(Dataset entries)
——

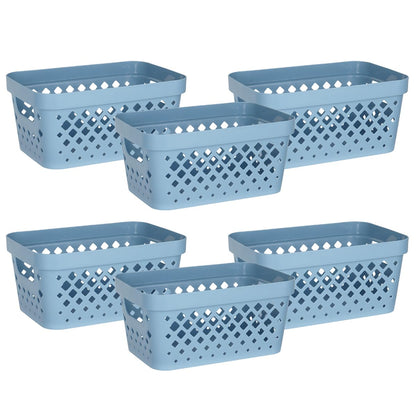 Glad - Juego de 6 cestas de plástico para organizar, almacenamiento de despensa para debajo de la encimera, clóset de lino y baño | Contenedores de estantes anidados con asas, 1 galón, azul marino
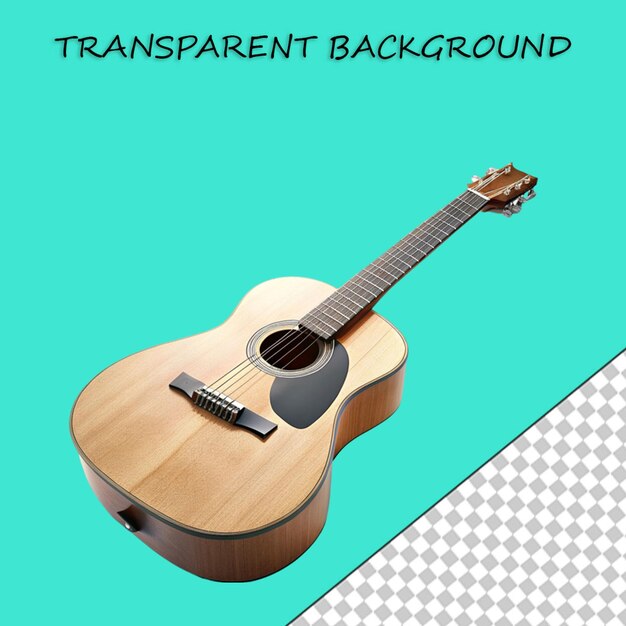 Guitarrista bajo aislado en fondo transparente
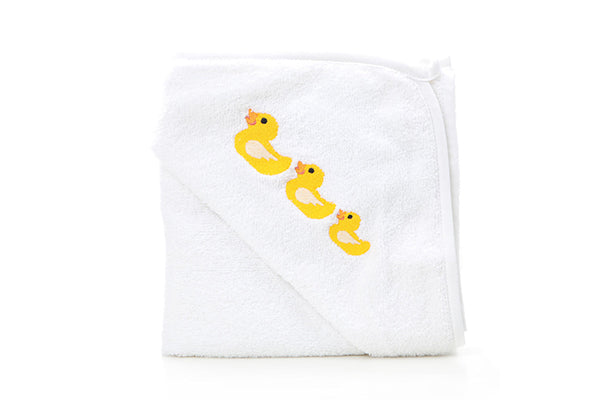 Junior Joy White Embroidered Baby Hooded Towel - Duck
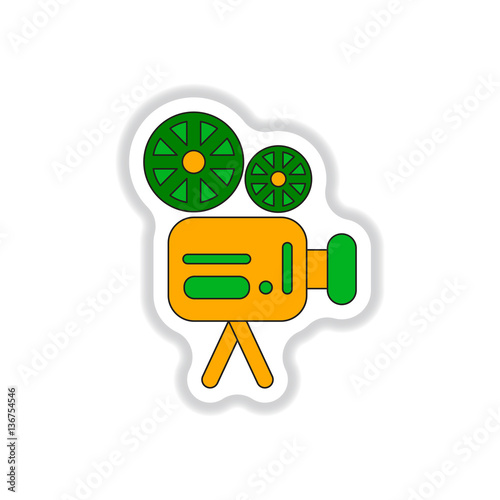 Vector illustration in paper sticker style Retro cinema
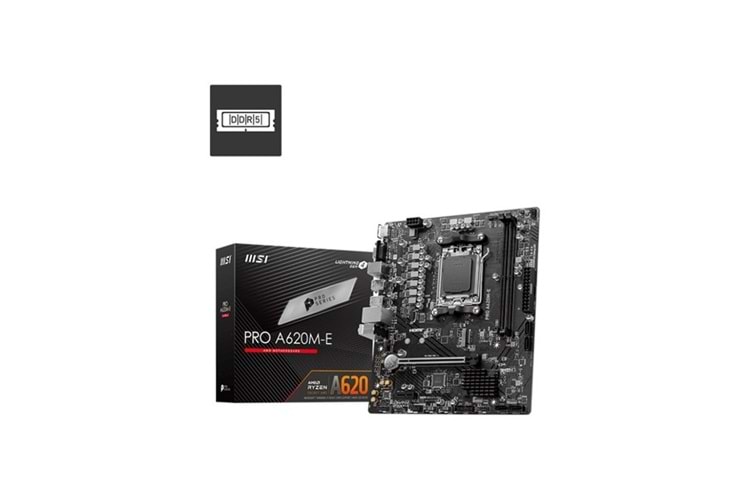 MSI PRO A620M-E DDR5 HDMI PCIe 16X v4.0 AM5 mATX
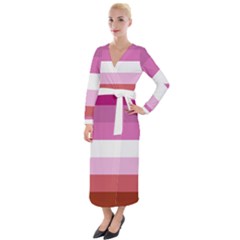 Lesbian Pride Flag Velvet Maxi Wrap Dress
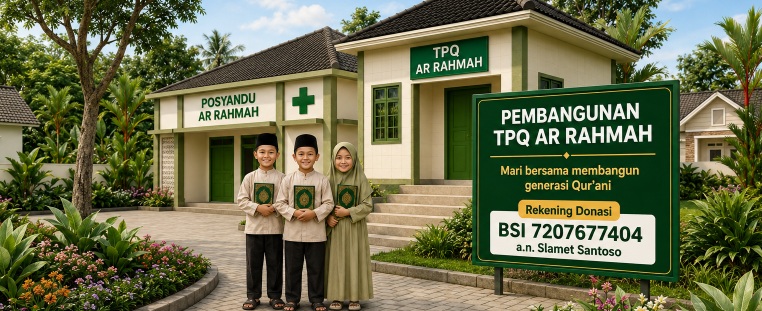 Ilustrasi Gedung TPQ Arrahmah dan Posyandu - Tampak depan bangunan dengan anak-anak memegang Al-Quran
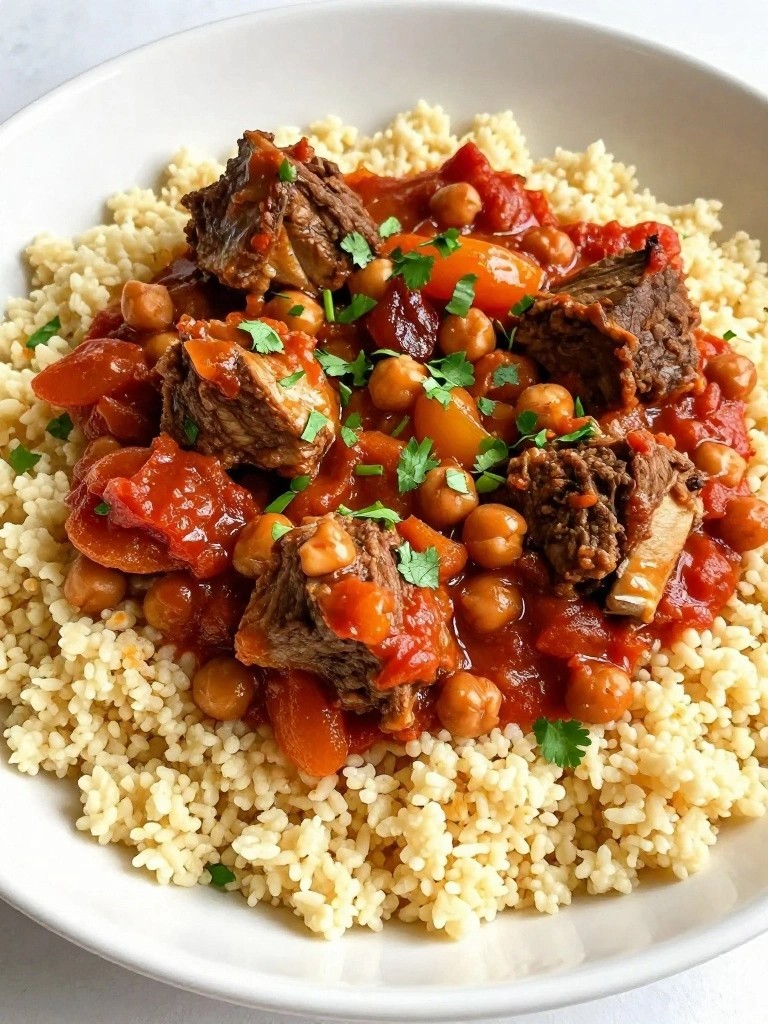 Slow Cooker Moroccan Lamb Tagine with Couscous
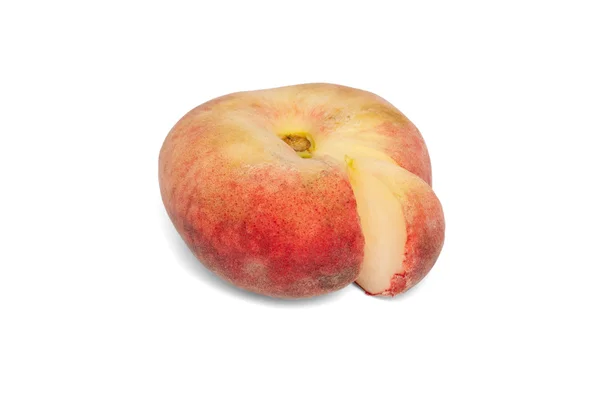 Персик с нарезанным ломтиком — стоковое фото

——

### EXERCISE OBJECTIVE
Repeat each line above exactly. The pictures stay out.

### OUTPUT
 Glad - Juego de 6 cestas de plástico para organizar, almacenamiento de despensa para debajo de la encimera, clóset de lino y baño | Contenedores de estantes anidados con asas, 1 galón, azul marino
 Guitarrista bajo aislado en fondo transparente
 Junior Joy White Embroidered Baby Hooded Towel - Duck
 Vector illustration in paper sticker style Retro cinema
 MSI PRO A620M-E DDR5 HDMI PCIe 16X v4.0 AM5 mATX
 Lesbian Pride Flag Velvet Maxi Wrap Dress
 Ilustrasi Gedung TPQ Arrahmah dan Posyandu - Tampak depan bangunan dengan anak-anak memegang Al-Quran
 Slow Cooker Moroccan Lamb Tagine with Couscous
 Персик с нарезанным ломтиком — стоковое фото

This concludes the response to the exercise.